TASK OBJECTIVE
Restate word for word the lines of the records below, starting at the line that contains "48006030X - CORDIS" and ending at the line that contains "PREMIUM JUST FCKN", with both of those lines included and nothing else.

DATA PROVIDED
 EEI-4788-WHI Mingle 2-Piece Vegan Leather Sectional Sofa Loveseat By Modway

* * *

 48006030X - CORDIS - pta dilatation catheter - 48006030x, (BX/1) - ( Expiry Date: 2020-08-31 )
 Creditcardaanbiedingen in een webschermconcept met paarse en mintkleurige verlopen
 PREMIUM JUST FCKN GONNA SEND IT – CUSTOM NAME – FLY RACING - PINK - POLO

ANSWER SECTION
 48006030X - CORDIS - pta dilatation catheter - 48006030x, (BX/1) - ( Expiry Date: 2020-08-31 )
 Creditcardaanbiedingen in een webschermconcept met paarse en mintkleurige verlopen
 PREMIUM JUST FCKN GONNA SEND IT – CUSTOM NAME – FLY RACING - PINK - POLO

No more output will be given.